> **PROBLEM DETAILS**
Retype nothing except the lines below from the one with "Hey guys! In" through the one with "We can't call", exactly, with images left out.

> **RECORDS SHOWN**
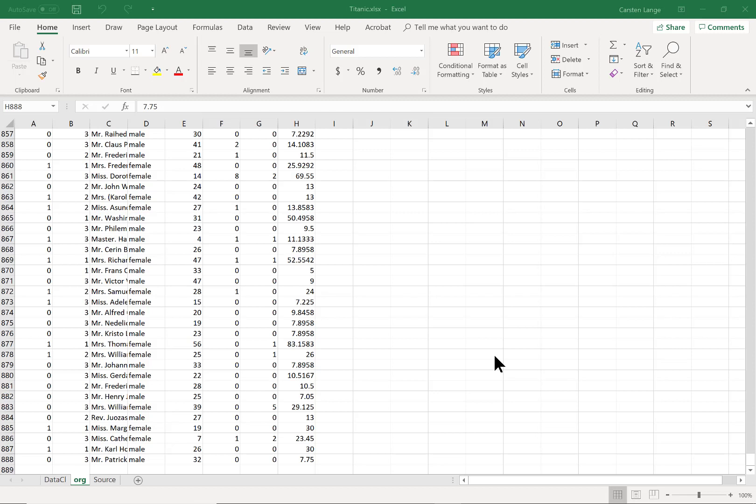This video will show how to import an Excel table into R using RStudio. Here is the Excel table. It is a Titanic dataset.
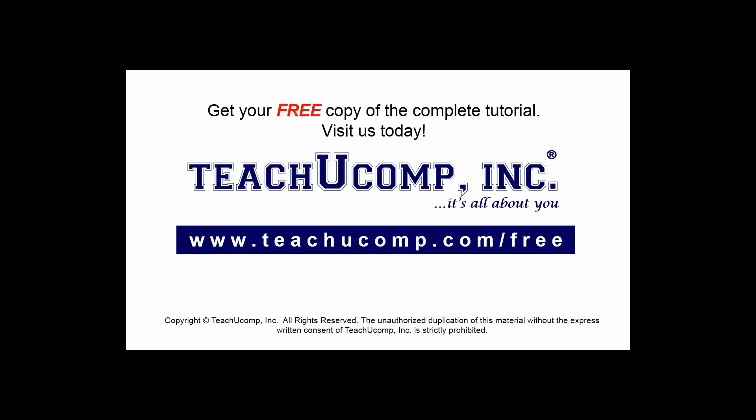Get your free copy of the complete tutorial at www.teachucomp.com/free.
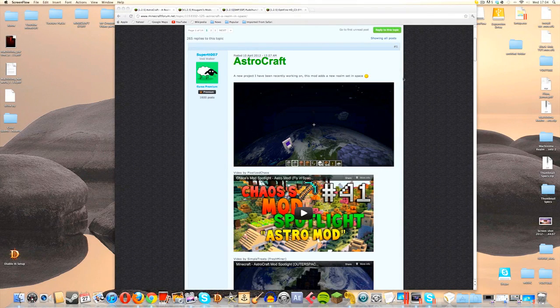What is going on guys, my name is James and welcome to another Minecraft mod installation tutorial. Today I'm going to show you how to install AstroCraft. As you can see from the background, we are going to be installing this on a Mac, however wherever possible I will try and advise you PC guys as best I can.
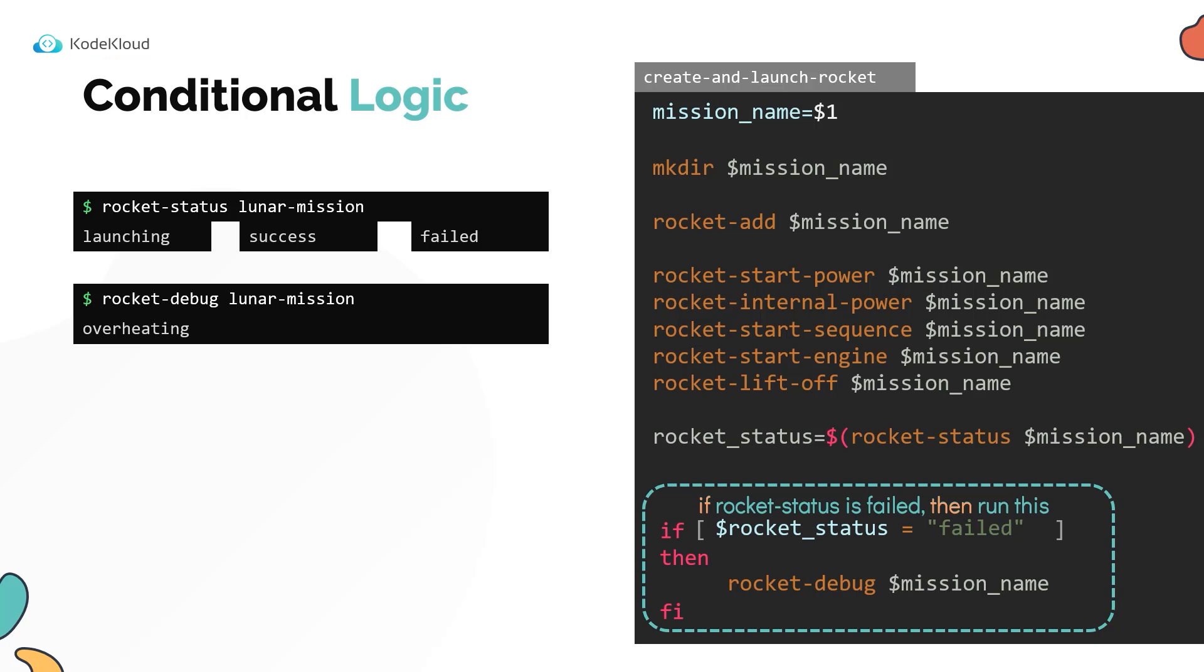We run the rocket status command in the previous line, and we also have the output of the rocket status command stored in the rocket status variable. So that's convenient. Within the condition, we perform a check to see if the value of rocket status variable is failed, and we can get the value using the dollar sign like this.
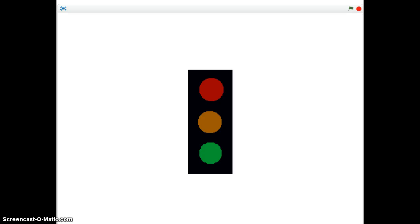This is to explain the solution to the traffic light challenge that one of the lessons poses to the class. There are a number of different solutions to this, and this is just two or three different ways of doing it.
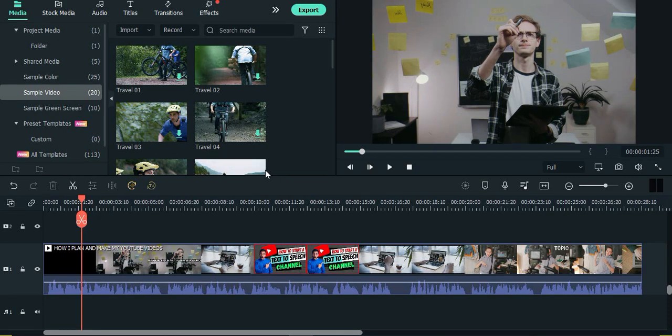Hey guys! In this video tutorial, I'm gonna show you how to convert text to speech and as well as speech to text inside of Filmora 11.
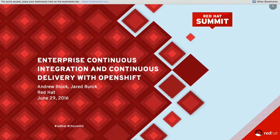Welcome everyone. Today's topic is enterprise continuous integration and continuous delivery with OpenShift. My name is Andrew Block, I am a principal consultant at Red Hat and I specialize in cloud and integration technologies — primarily around OpenShift, OpenStack, JBoss Fuse and AMQ. When working with these technologies I typically implement CI/CD solutions to accelerate application delivery.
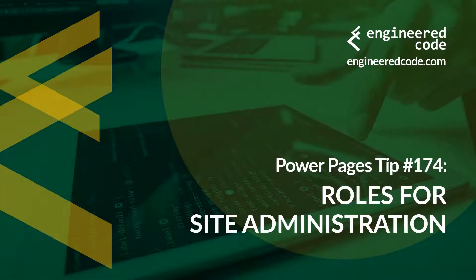Hello everyone and welcome to Power Pages Tips. My name is Nicholas Hadouk and this is tip number 174, Roles for Site Administration.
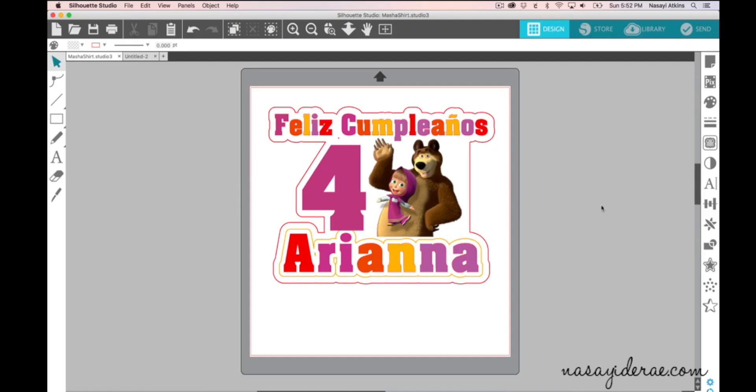In this video I just wanted to quickly talk about the new Send menu in Silhouette Studio 4. I know a lot of people have problems when they get to this menu because there are several changes from the previous edition of Silhouette Studio.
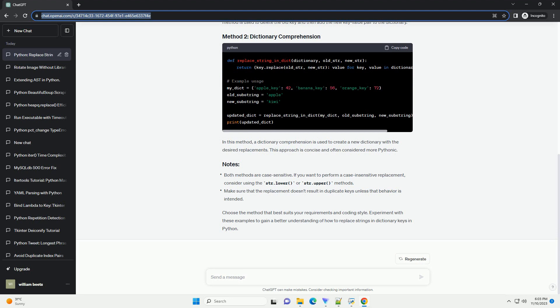Choose the method that best suits your requirements and coding style. Experiment with these examples to gain a better understanding of how to replace strings in dictionary keys in Python.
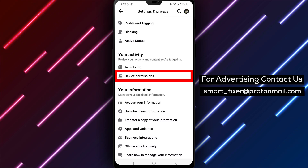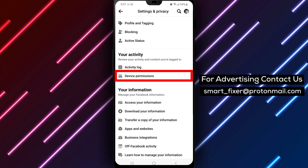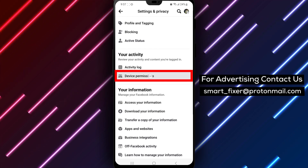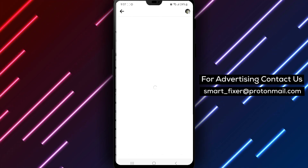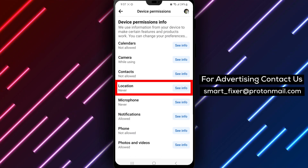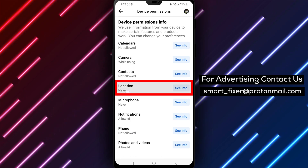Step 5. Now, within the Your Activity section, tap on Device Permissions. Step 6. Among the listed permissions, locate and tap on Location.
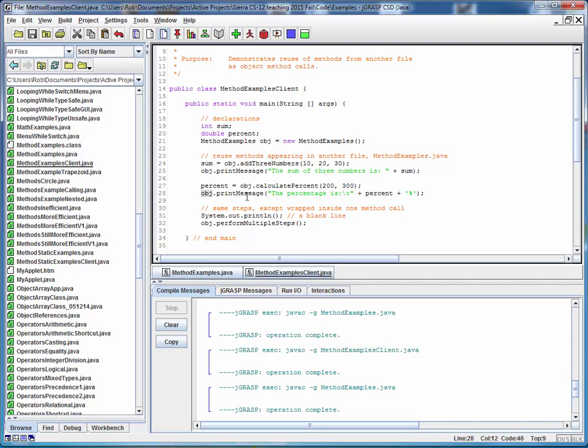We can't call these methods directly. We have to call them in the context of this object. So all we're doing here is we're performing the same method calls. We're just doing it in the context of this object that we created.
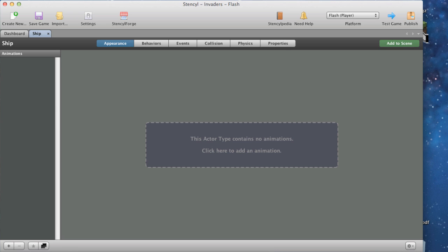Now that we have an actor type we need to import images for animations - the graphics for our actor type that we will see on screen. Click the large box with the dotted line on the right. This will bring up an animation editor where you can import graphics on a per-animation basis. An animation represents a state the actor could be in, such as walking, running, or jumping. Click the name of the animation - something like 'flying' is fine in this case. After that, click the dotted line around the box.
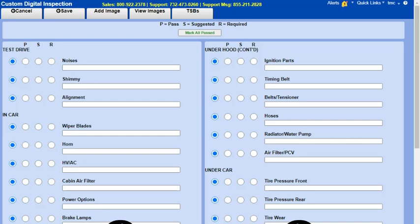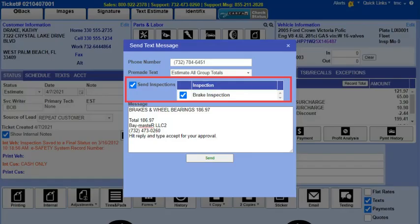You can also take and save pictures to an inspection form. In addition, you can text or email the inspection to your customers.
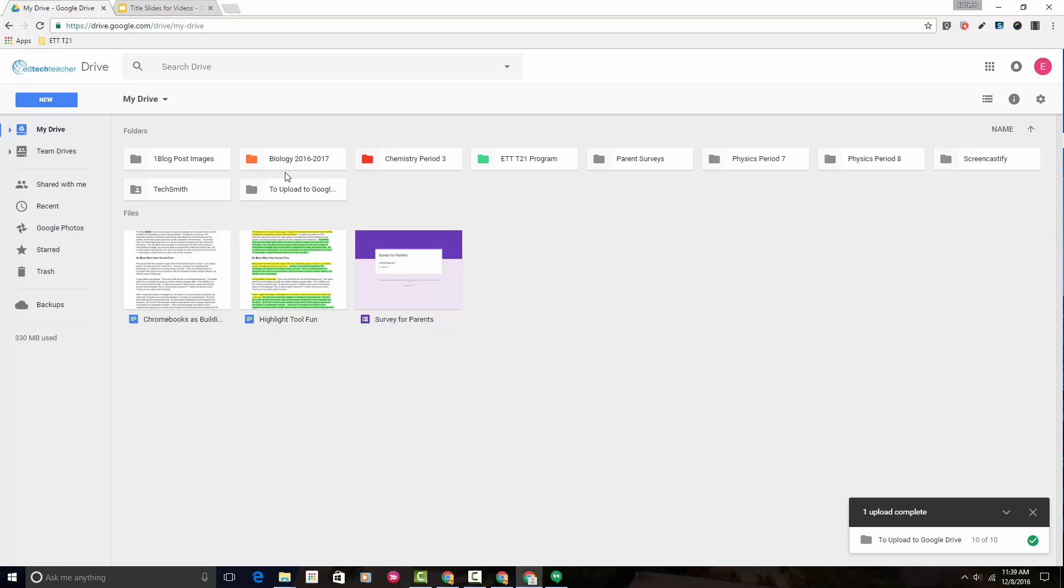There are lots of ways to move folders, but in this short video, I just want to show you two simple ways to move them. The first is to drag and drop.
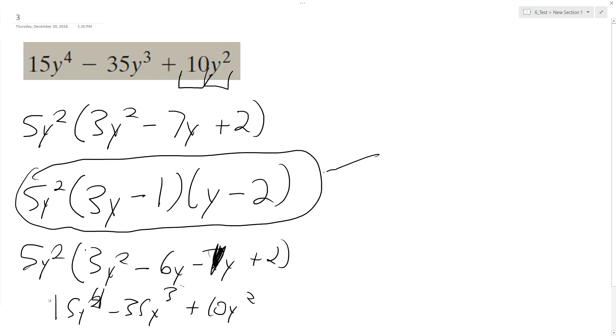Okay, so this is our correct factored form. I hope that helped you out. Thanks for watching. Have a great day.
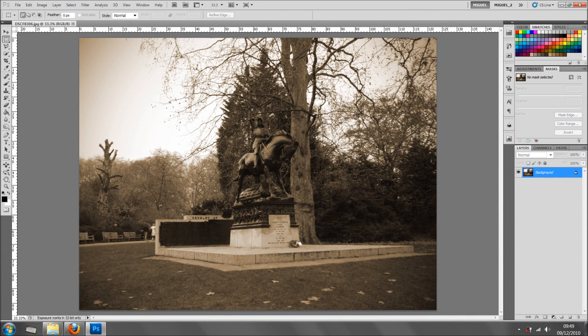Hi everyone, welcome back for another tutorial. In this tutorial I'm going to show how to create some frames for some pictures. So what I'm going to do first of all is duplicate this layer.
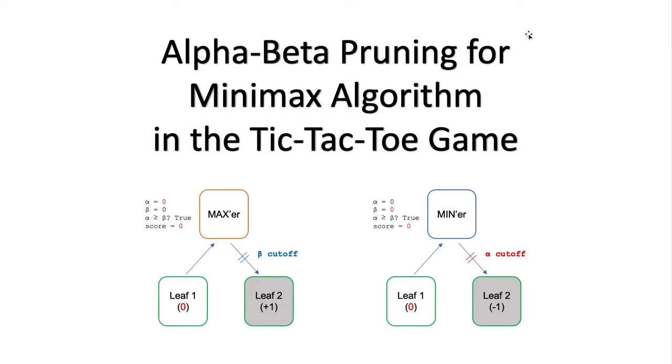Hello everyone, and welcome. Today I'd like to talk about the alpha-beta pruning for the Minimax algorithm in the Tic-Tac-Toe game. This is a very exciting topic, so let's get started.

> **TASK OUTPUT**
Hey guys! In this video tutorial, I'm gonna show you how to convert text to speech and as well as speech to text inside of Filmora 11.
Welcome everyone. Today's topic is enterprise continuous integration and continuous delivery with OpenShift. My name is Andrew Block, I am a principal consultant at Red Hat and I specialize in cloud and integration technologies — primarily around OpenShift, OpenStack, JBoss Fuse and AMQ. When working with these technologies I typically implement CI/CD solutions to accelerate application delivery.
Hello everyone and welcome to Power Pages Tips. My name is Nicholas Hadouk and this is tip number 174, Roles for Site Administration.
In this video I just wanted to quickly talk about the new Send menu in Silhouette Studio 4. I know a lot of people have problems when they get to this menu because there are several changes from the previous edition of Silhouette Studio.
Choose the method that best suits your requirements and coding style. Experiment with these examples to gain a better understanding of how to replace strings in dictionary keys in Python.
Step 5. Now, within the Your Activity section, tap on Device Permissions. Step 6. Among the listed permissions, locate and tap on Location.
We can't call these methods directly. We have to call them in the context of this object. So all we're doing here is we're performing the same method calls. We're just doing it in the context of this object that we created.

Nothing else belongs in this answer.